The New Directions leadership has pursued the political agenda of its predecessors. In the fall of last year, Toussaint endorsed Democrat Mark Green for mayor, and campaigned with Senator Clinton. This year Local 100 backed Democrat Carl McCall for governor, while much of NYC labor officialdom crossed over to support Republican Pataki. The TWU International endorsed Bush’s “war on terrorism” over Afghanistan and the Local 100 leadership has not made a peep of protest against the looming invasion of Iraq. Yet U.S. imperialism’s wars on these semi-colonial countries are intimately connected to the capitalists’ escalating war “at home” against unions, minorities and immigrants. A class-struggle leadership of the powerful transit workers union would fight to defeat the bosses’ war and break with the bosses’ parties, to forge a revolutionary workers party that fights for a workers government.

Every Class Struggle Is a Political Struggle

In any serious battle you need to know who your friends and who your enemies are, and a New York transit strike would be a real class battle. A revolutionary leadership would sharply draw the class line. No more capitalist politicians on labor platforms. No more representatives of the police and detectives “unions,” either! We say: cops out of the unions – they are the armed fist of the class enemy. New Directions moaned about the “oppressed” Transit Property Protection Agents; we say throw them out of the TWU! On the other hand, the WEP employees are fellow workers. Class-struggle unionists must demand an end to this “Worker Exploitation Program” and enroll those already working in transit into the TWU. A crucial strike demand must be full union-scale wages, benefits and protections for WEP workers. And since most WEP workers are women, as are many present TWUers, the demand for free 24-hour daycare near transit locations is key. In an industry with many foreign-born workers, the union must demand full citizenship rights for all immigrants

TWUers should demand full pay for Helpers, and all provisionals should be made permanent.  Safety is a key issue in transit. Every time there is a subway crash or bus accident, managers rush to the scene to blame the drivers. Next they test the workers for drugs and alcohol. These, as well as “random” tests, are simply a way of victimizing workers, when accidents are most often the result of badly deteriorated safety conditions due to lack of maintenance. Transit workers should demand an end to all drug/alcohol testing and the establishment of union safety committees with the power to shut down unsafe operations. With the greatly increased ridership and as part of a fight for union jobs for all in the face of continued heavy unemployment in the ghettos and barrios, the TWU should demand increased service and thousands of new jobs through a shorter workweek with no loss in pay, with all hiring to be done through a union hiring hall. Rather than the low-wage “apprenticeship” program, there should be union-run training programs at full pay.

A class-struggle opposition would fight for the independence of labor from the capitalist state in every way.
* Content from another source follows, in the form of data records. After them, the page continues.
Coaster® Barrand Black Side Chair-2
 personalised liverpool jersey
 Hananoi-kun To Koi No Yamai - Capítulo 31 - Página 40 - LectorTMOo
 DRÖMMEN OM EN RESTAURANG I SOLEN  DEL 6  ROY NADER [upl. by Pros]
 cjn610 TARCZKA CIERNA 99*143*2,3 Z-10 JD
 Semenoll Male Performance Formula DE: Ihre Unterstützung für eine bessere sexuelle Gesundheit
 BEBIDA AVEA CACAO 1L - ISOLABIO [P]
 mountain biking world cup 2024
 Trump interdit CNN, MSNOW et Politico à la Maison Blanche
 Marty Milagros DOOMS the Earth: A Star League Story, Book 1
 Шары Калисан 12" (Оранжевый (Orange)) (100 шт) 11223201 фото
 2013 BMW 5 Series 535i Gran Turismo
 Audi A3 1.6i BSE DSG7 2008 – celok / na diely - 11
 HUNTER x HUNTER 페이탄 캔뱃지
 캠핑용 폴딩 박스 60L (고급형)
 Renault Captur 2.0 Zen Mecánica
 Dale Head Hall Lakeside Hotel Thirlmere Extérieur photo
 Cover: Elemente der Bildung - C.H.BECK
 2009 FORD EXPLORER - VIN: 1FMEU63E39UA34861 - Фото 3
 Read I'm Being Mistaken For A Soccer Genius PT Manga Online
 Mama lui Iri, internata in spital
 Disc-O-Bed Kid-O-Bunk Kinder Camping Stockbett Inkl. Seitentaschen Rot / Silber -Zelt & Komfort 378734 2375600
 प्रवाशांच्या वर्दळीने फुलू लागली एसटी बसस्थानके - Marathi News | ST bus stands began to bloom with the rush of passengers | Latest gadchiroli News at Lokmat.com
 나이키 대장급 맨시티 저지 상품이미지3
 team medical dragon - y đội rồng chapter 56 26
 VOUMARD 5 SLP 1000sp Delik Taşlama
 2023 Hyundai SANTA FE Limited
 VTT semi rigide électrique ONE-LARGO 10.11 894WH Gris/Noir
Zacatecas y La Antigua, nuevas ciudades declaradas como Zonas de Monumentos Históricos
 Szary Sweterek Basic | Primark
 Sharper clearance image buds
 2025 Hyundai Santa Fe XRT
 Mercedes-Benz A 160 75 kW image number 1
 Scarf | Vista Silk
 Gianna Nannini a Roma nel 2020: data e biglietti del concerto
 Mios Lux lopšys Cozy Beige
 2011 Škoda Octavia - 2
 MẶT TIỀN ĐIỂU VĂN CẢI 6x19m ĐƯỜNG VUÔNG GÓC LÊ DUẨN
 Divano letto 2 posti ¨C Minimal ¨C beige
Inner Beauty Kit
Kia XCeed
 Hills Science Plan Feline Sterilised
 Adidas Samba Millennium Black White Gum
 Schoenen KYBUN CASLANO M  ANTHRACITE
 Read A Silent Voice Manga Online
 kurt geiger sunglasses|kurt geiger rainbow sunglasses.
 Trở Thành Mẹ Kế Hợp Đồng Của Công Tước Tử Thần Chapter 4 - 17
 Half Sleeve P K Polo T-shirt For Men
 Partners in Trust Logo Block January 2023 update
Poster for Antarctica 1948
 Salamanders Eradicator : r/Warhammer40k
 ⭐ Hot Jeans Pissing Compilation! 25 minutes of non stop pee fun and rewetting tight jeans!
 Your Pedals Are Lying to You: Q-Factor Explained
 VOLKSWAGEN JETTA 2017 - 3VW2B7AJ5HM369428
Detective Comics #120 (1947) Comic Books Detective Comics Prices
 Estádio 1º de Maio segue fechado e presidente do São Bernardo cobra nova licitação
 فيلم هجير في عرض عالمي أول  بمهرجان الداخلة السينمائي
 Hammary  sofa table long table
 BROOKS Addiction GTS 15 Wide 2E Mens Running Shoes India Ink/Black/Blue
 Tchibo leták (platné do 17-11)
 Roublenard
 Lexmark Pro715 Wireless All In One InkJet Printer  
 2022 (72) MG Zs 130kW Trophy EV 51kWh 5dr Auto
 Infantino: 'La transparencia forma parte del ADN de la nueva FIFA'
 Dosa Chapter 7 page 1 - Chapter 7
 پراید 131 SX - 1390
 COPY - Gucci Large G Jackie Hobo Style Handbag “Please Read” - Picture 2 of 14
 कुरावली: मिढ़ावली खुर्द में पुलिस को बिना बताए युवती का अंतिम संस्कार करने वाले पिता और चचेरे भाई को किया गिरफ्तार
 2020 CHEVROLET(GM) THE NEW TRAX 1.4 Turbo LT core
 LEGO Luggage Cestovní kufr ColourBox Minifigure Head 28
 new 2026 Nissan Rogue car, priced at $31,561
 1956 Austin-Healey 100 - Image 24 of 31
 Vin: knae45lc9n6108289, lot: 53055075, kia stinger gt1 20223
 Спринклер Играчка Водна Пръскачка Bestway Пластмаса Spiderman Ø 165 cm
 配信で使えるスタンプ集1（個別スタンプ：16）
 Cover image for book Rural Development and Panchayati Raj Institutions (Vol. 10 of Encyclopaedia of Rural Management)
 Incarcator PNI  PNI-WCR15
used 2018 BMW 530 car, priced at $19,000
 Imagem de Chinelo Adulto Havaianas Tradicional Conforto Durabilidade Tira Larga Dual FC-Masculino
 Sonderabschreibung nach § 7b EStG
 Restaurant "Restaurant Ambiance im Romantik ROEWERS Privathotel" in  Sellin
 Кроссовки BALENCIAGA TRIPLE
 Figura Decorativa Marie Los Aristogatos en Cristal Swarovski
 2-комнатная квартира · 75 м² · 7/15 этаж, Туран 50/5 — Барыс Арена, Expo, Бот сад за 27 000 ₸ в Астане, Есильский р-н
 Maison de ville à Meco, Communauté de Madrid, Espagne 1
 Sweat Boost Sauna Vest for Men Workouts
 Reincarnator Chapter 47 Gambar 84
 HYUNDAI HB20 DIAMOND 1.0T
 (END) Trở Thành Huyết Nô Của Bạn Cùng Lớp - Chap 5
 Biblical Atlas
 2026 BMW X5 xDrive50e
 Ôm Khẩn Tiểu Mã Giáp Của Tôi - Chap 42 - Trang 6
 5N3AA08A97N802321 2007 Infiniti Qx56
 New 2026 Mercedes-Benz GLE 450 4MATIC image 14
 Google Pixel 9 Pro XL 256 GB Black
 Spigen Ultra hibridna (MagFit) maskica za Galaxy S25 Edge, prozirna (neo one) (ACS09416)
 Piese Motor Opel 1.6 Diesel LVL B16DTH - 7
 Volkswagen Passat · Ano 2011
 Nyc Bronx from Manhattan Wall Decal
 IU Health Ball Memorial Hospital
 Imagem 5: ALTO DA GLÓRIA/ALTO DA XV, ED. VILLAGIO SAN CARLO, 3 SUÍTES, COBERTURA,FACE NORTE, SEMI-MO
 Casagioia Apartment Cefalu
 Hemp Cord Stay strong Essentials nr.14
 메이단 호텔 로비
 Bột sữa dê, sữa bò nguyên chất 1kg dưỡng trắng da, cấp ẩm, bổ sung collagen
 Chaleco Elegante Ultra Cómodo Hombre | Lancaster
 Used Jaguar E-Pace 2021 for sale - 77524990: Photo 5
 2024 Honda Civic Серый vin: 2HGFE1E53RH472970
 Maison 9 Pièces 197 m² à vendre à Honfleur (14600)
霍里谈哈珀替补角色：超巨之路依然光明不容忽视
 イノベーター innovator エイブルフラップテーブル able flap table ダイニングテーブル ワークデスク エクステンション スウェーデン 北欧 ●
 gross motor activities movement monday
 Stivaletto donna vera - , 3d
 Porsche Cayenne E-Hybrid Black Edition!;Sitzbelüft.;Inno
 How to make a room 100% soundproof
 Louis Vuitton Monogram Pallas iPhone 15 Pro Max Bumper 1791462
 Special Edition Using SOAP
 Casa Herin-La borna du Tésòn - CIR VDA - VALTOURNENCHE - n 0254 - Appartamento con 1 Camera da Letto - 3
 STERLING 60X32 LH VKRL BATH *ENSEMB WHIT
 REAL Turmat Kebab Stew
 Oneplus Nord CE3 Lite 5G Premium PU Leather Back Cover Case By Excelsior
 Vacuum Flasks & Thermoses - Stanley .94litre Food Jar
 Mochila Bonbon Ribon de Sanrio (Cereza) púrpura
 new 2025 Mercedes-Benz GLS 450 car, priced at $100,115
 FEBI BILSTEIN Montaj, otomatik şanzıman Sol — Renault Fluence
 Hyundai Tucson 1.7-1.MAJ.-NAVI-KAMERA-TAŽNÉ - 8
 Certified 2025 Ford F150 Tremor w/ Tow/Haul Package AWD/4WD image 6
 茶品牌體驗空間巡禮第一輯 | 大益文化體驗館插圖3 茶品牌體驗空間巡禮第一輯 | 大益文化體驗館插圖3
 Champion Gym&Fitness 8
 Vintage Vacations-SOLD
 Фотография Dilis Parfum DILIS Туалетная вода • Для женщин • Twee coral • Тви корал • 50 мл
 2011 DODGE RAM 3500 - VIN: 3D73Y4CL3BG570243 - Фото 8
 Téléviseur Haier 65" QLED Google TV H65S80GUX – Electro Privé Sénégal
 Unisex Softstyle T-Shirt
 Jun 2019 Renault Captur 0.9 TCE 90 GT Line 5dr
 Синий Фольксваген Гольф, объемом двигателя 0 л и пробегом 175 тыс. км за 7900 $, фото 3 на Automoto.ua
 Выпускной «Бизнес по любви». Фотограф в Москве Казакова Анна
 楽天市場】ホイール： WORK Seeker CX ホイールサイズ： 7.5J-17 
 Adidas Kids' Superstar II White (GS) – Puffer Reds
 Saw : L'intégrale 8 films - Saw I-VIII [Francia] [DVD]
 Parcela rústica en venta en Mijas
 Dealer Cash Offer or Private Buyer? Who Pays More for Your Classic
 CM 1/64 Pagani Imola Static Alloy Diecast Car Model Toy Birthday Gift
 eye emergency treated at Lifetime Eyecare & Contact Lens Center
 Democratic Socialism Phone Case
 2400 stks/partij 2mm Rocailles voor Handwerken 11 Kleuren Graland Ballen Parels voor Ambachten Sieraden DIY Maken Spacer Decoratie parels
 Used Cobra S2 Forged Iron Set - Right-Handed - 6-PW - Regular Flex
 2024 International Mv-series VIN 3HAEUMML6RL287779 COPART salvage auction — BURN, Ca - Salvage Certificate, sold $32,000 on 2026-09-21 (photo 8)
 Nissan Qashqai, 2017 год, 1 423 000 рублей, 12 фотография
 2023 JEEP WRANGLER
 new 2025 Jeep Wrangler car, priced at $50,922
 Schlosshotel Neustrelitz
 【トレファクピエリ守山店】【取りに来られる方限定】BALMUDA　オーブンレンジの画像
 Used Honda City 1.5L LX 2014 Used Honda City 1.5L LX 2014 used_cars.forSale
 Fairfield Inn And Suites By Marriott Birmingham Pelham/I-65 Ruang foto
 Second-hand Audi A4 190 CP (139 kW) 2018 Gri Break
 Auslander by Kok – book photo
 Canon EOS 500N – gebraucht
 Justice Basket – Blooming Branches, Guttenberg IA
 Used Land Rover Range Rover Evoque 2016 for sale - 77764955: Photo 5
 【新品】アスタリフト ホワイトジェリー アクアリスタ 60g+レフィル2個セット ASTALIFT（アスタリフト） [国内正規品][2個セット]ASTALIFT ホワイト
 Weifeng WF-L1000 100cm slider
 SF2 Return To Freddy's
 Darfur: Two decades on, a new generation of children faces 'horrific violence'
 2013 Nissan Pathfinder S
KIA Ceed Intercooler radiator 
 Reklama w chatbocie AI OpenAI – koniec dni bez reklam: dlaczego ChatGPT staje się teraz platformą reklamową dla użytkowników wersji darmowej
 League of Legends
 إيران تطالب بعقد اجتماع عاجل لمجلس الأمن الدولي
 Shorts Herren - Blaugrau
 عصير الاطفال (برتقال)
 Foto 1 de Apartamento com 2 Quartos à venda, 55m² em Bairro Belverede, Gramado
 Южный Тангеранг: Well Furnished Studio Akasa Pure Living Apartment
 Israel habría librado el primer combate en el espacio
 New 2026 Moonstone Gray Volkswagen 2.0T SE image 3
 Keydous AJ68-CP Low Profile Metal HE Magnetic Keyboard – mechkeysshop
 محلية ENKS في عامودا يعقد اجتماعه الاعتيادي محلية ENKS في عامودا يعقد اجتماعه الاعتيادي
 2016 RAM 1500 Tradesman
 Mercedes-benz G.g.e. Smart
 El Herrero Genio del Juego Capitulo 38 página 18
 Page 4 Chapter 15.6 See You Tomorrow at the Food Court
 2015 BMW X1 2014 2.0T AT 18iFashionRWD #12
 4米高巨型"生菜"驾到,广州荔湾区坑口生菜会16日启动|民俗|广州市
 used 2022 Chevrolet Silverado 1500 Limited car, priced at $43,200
An important issue in the TWU is the dues check-off. Business unionists see this as an important gain, but by handing control over the union’s finances to the employer (who deducts union dues from workers’ pay), it gives the class enemy a powerful hold over labor. The MTA bosses used this stranghold after the defeat of the 1980 strike, cutting off the TWU’s funds as part of the penalty for losing. A union that depends on the employer for its finances is always subject to blackmail. A union that collects its own dues is better prepared to fight. The transit workers’ struggle must be that of all working and poor people. Instead of simply opposing a fare increase, as the TWU leadership is now doing, the union can win broad support for a strike by demanding free mass transit – rip out the turnstiles! Instead of each sector of city workers bargaining separately, and getting picked off one by one, a transit strike should lead to a citywide strike of municipal workers that would bring out the power of labor to shut New York down

Forge a Revolutionary Leadership of the Working Class!

The bankruptcy of New Directions and its social-democratic hangers-on has been demonstrated repeatedly in the TWU. In Local 100, there is a small grouping around the League for the Revolutionary Party (LRP) which in 1999 did call for a strike and criticize New Directions. However, its criticisms are essentially tactical, and its own program is just as economist as that of the current and past leadership of the union. An August 1999 leaflet by Eric Josephson, who is supported by the LRP, headlined “Willie Said 10% Yearly Raise: Let’s Win It!” This year, the LRP-supported Revolutionary Track Worker (6 December) declared: “President Toussaint raised the contract slogan ‘Second Class No More!’ We have to show that we mean it and will accept nothing less than a First Class Contract.” So here we have ostensible socialists calling to carry out the alleged programs of James and Toussaint! 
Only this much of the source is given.